## Task brief
Would you output all the lines below precisely as they stand, leaving each picture out?

#### Data segment ####

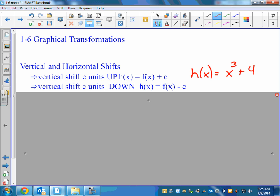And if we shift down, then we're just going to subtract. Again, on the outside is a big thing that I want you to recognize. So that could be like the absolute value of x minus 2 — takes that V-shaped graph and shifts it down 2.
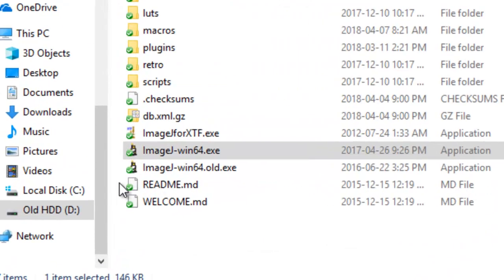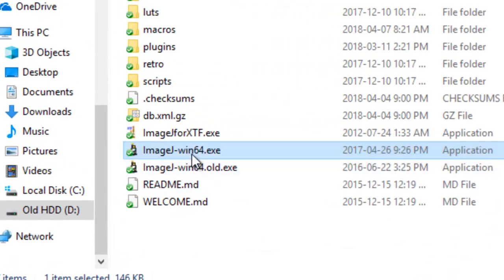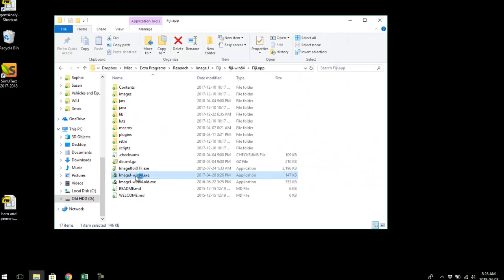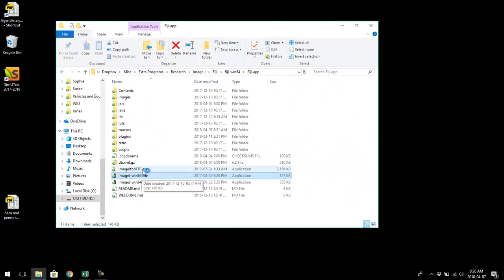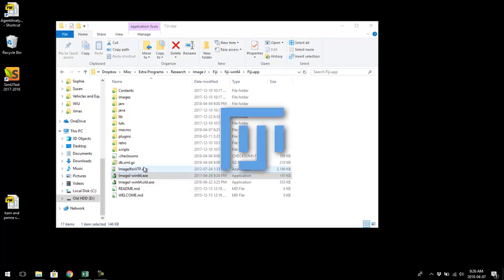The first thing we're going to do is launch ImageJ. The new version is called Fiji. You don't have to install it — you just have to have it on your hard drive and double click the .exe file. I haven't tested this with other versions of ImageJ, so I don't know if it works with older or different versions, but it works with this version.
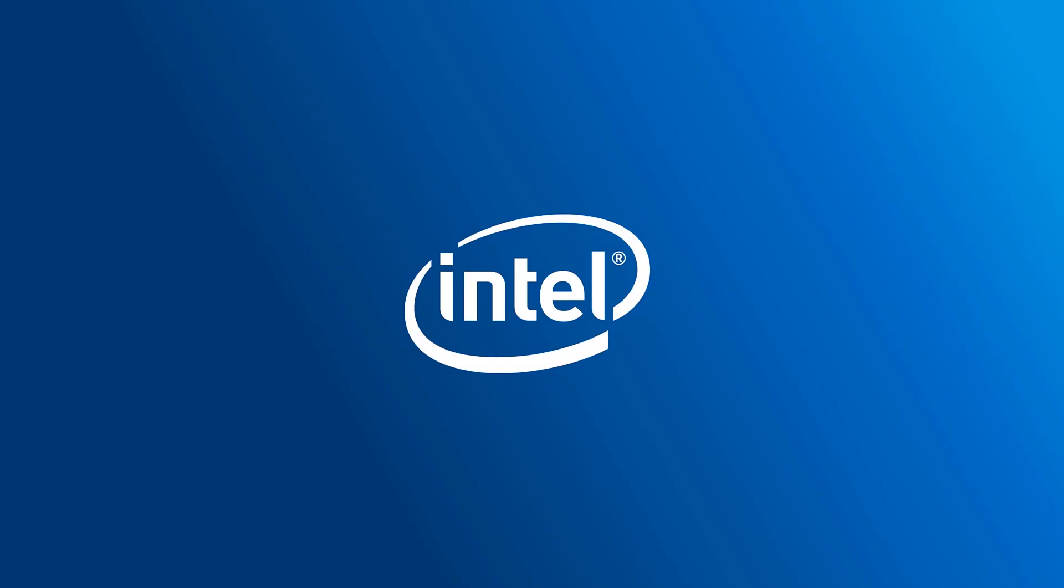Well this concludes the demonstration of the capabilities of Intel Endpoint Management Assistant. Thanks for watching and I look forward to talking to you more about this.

####

## Task output
And if we shift down, then we're just going to subtract. Again, on the outside is a big thing that I want you to recognize. So that could be like the absolute value of x minus 2 — takes that V-shaped graph and shifts it down 2.
The first thing we're going to do is launch ImageJ. The new version is called Fiji. You don't have to install it — you just have to have it on your hard drive and double click the .exe file. I haven't tested this with other versions of ImageJ, so I don't know if it works with older or different versions, but it works with this version.
Well this concludes the demonstration of the capabilities of Intel Endpoint Management Assistant. Thanks for watching and I look forward to talking to you more about this.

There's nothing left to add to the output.